According to Olson, who reports on his intellectual adventures for Sky and Telescope magazine, there has always been an argument about quite when and where this happened. Caesar himself had no Ordnance Survey map, had sketchy local knowledge, and of course expected a lot of resentment from the locals. But he described, in book four of the Gallic Wars, the white cliffs of Dover, and a detour to find a more level playing field for the grim game ahead.
He did not give a precise date ("only a small part of the summer was left") but he was particular about the time he saw the hostile cliffs ("about the fourth hour of the day"), about how long he waited ("until the ninth hour"), and the distance he had to go ("about seven miles"). He also mentions, a bit later on, that on his fourth day in Britain as an illegal immigrant the cavalry reinforcements from Gaul were delayed by a storm, a full moon and an unusually high tide.
Such clues were enough to give scholars a crack at dating the invasion. Just as astronomers can predict future full moons, so they can confidently time them far in the past. So, they calculated, Caesar saw Dover but turned north-east and sailed around the South Foreland and landed at either Walmer or Deal on August 26 or 27. Latin scholars might have been happy with this conclusion, but hydrographers and astronomers were not; they calculated that the tides would be running the wrong way at the ninth hour of those days and take Caesar to the south-west.

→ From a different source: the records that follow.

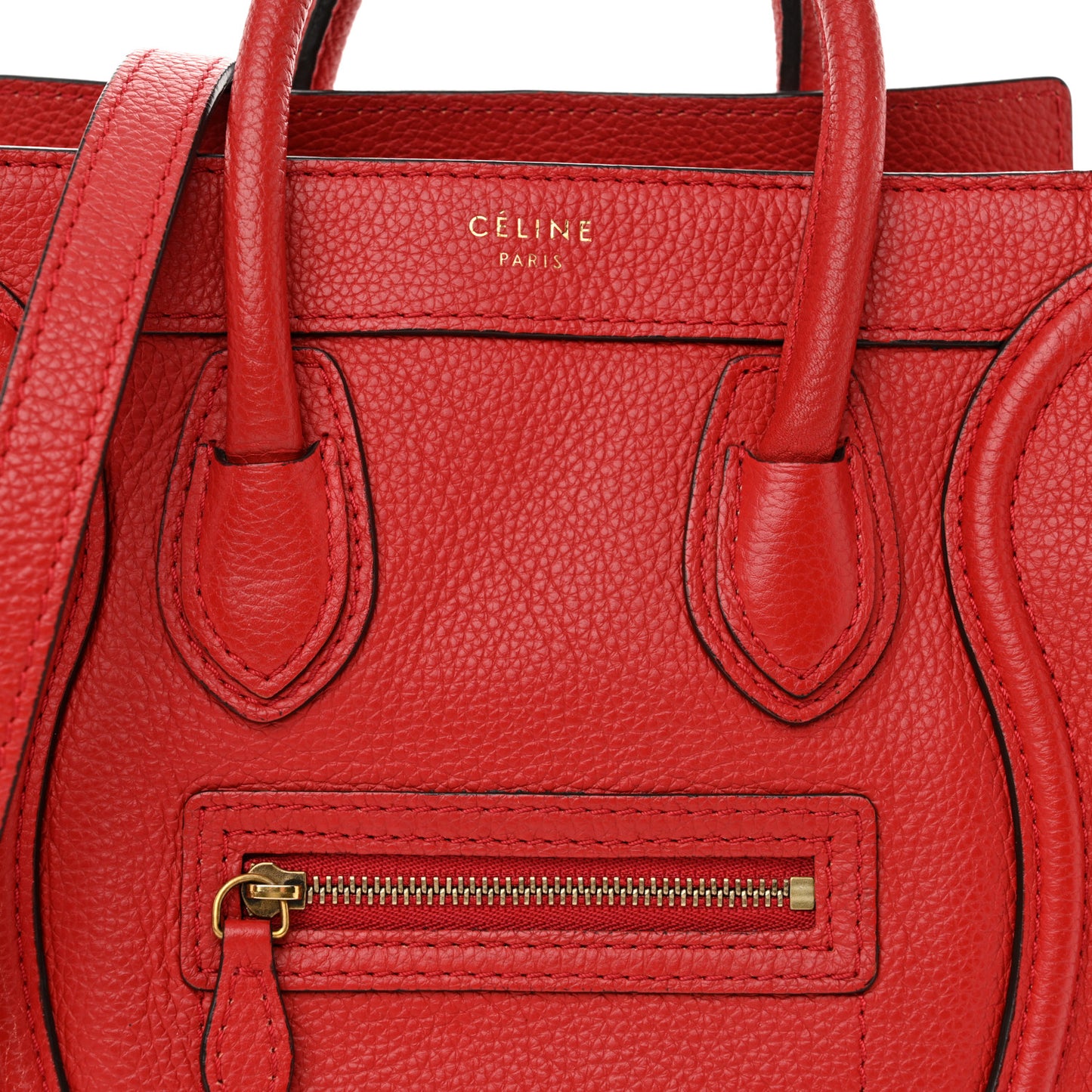 Drummed Calfskin Nano Luggage Red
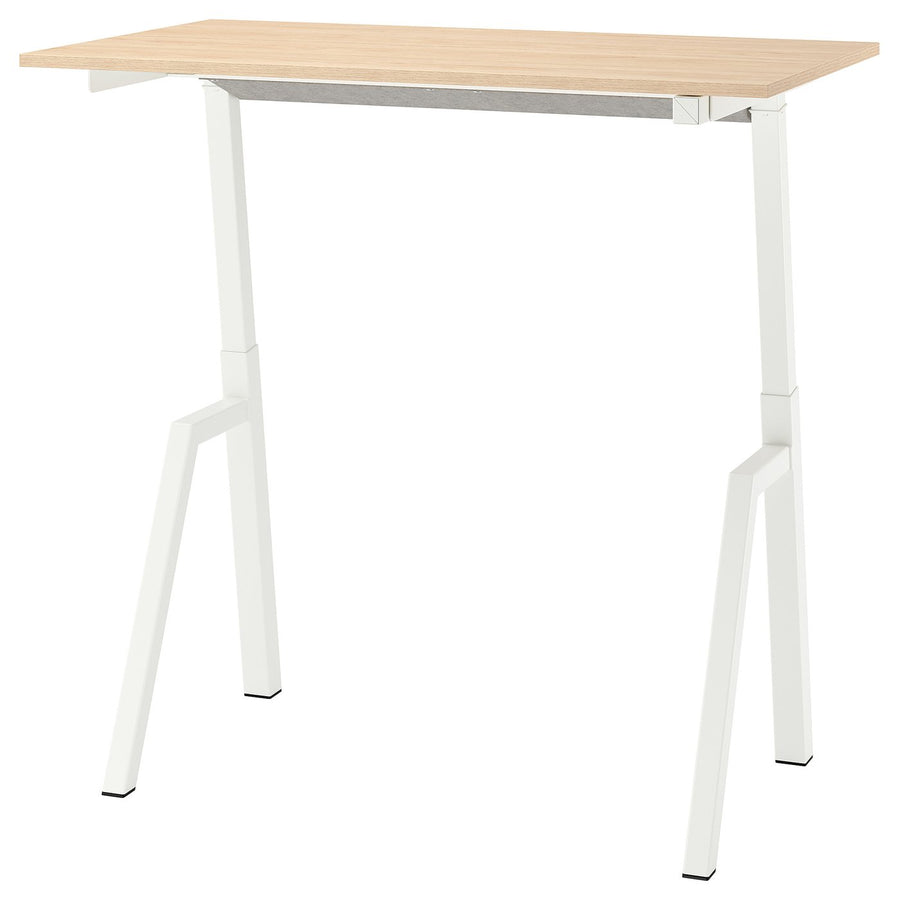TROTTEN desk sit/stand, electric ash effect/white, 120x70 cm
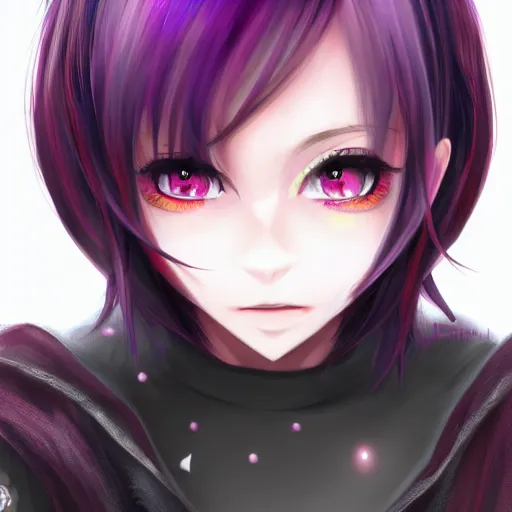 Beautiful anime girl as a evil witch with purple short | Stable Diffusion |  OpenArt
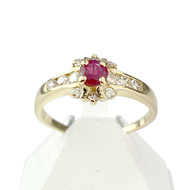 Bague d'occasion or 750 jaune rubis diamants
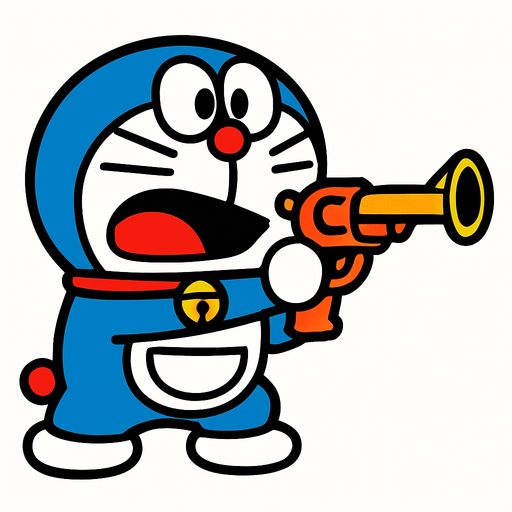 Doraemon shooting a gun.
In-Game asset.  2d.  High contrast.  No shadows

So the team from Texas made the Julian date with destiny their summer assignment. They read all the texts, checked the tidal patterns, turned up in Dover in August 2007 just when the equinox and lunar cycle coincided to replicate the tidal conditions that Caesar reported, and figured that the problem could be sorted by assuming an easily-made clerical error by someone who copied the original manuscript. If so, time and tide would have been just right for a landing at Deal on August 22 or 23. Case closed - possibly.
This is arcane science applied to ancient history, and it makes both subjects lively. To get a more complete picture of the problem, Olson and his colleagues and students had to read Dio Cassius, and study Valerius Maximus, a chronicler from the first century AD. They had to consult classicists and archaeologists, match the Julian and Gregorian calendars, examine the verdicts of Victorian astronomers and naval hydrographers and use global positioning satellites to measure their own progress around the Channel coast."